Letter Found At Lenox Library Provides Insight On Controversial 1876 Election
The discovery of a letter at the Lenox Library is shedding some light on perhaps the most controversial presidential election in American history.
“Eoin found one half of the letter and I found the other half of the letter,” Lenox Library Director Amy Lafave recalled. “We put them together and said ‘Whoa, wait a minute.’”
Amy Lafave’s reaction to a four-page letter between two brothers-in-law may seem out of place, except when you learn who the two men are. The recipient is Julius Rockwell, who served in both houses of Congress and had two stints as the speaker of the Massachusetts House. The writer is David Davis, a Supreme Court Justice, who had a chance to essentially decide the 1876 presidential election singlehandedly. Democrat Samuel Tilden of New York took the popular vote and with 20 electoral votes unresolved led Republican Rutherford B. Hayes 184 to 165. An electoral commission was formed to award the 20 votes. The members were split evenly by party with one independent…you guessed it: Davis.
“So they think he’ll [Davis] be basically the one vote who will be swung either way and whichever way he swings will be the right way,” said Eoin Higgins.
The letter was discovered as part of Higgins’ master’s thesis on Rockwell’s 1855 bid for governor in Massachusetts. So what does Davis say in this 1878 letter?
“Davis says to Rockwell ‘I have no doubt that Tilden was cheated,’” explained Higgins.
But in a strange turn of events, Davis relinquishes his ability to impact the election.
“The Democrats here in Illinois elected Davis to the Senate and their feeling was that would push him in the direction that they wanted him to go,” David Davis Mansion curator Jeff Saulsbery explained. “But Davis was a very strong-willed and strong-minded. He simply just resigned the Supreme Court seat to come back and be a Senator. So he thwarted their plans and still took the office.”
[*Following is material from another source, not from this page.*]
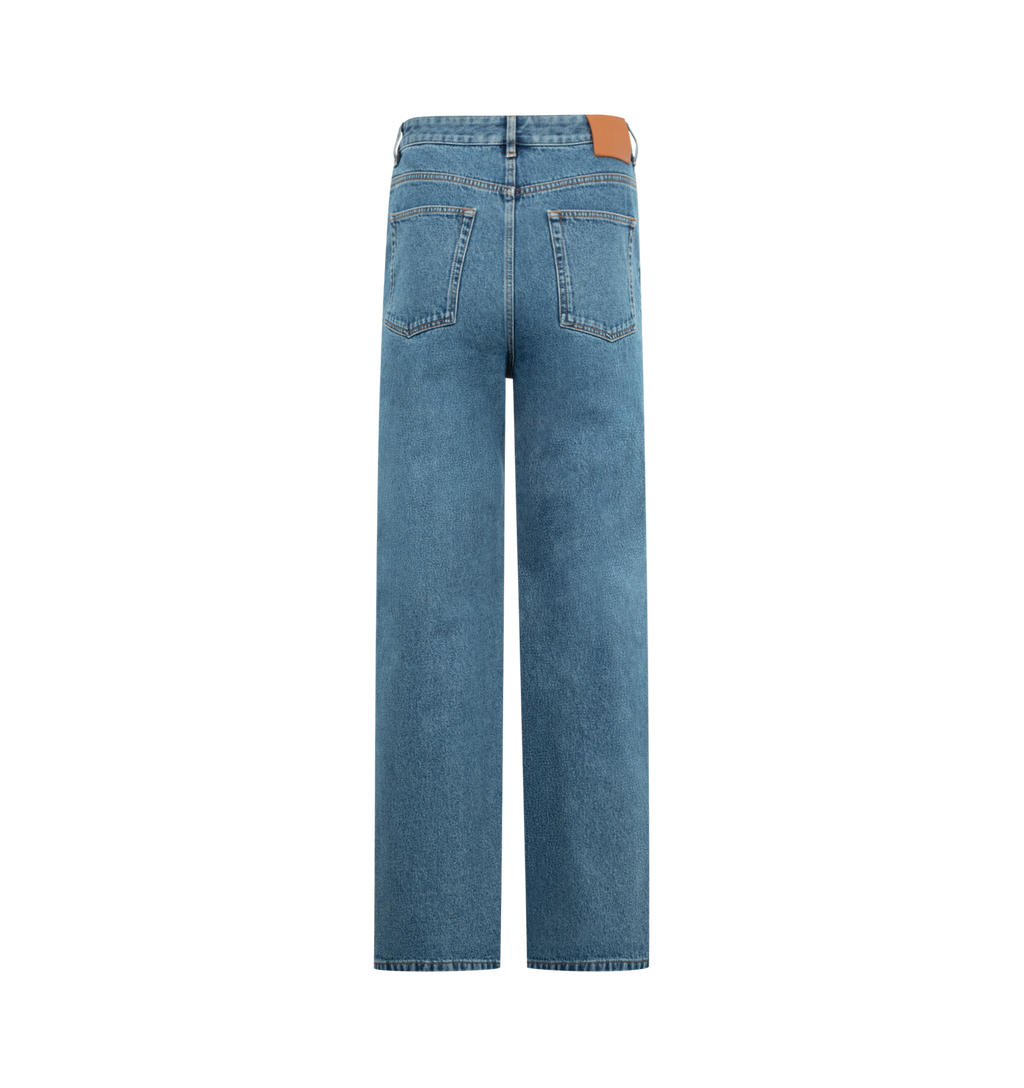 Anagram Baggy Jeans Loewe – Гарантія оригінальності – вид ззаду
In turn, Davis left the electoral commission, as described by Saulsbery. A more Republican-leaning Supreme Court Justice was appointed and the commission assigned the 20 contested electoral votes to Hayes, who took the presidency. Higgins says he interprets the letter as Davis questioning the integrity of the vote counts.
“Until now there is no way of ever really knowing what would have happened,” Higgins said. “What does happens is that Hayes gets into office and part of the compromise that the Republicans make with the Democrats is that ‘You give us the presidency and we’ll [Republicans] will end Reconstruction.”
Higgins sent the David Davis Mansion in Bloomington, Illinois a transcript of the letter. Although Davis was a Whig and a Republican, who served as Abraham Lincoln’s campaign manager, he had strayed from the party by 1876. Saulsbery says while interesting, the letter doesn’t necessarily shed light on how Davis felt in 1876, but instead shows his feelings after roughly two years and investigations into the election. In Saulsbery’s opinion, he doesn’t think Davis, who he calls a fair-minded person, would’ve given all 20 votes to Hayes.
“He only had to give away one electoral vote and Tilden would have won so out of that 20 how could he not have?” argued Saulsbery.
After saying he has no doubt Tilden was cheated, Davis writes in the letter that “investigations wouldn’t make it any plainer.” The Davis Mansion and the Lenox Library plan to continue going through the Davis-Rockwell letters in hopes of finding more on the topic.
Nonetheless, the letter does allow for a fun part of history…speculating what might have been different had Tilden become president. It’s a topic Higgins is happy to weigh in on.
“The deal is probably going to be…Tilden is president, but it’s going to be politically impossible to end Reconstruction,” Higgins said. “That’s just kind of the way these things balance out in American politics. Reconstruction doesn’t end. This is totally speculative. Then you have about 40 years until World War I so in those 40 years you have Jim Crow laws. Well maybe with Reconstruction, you don’t have that.”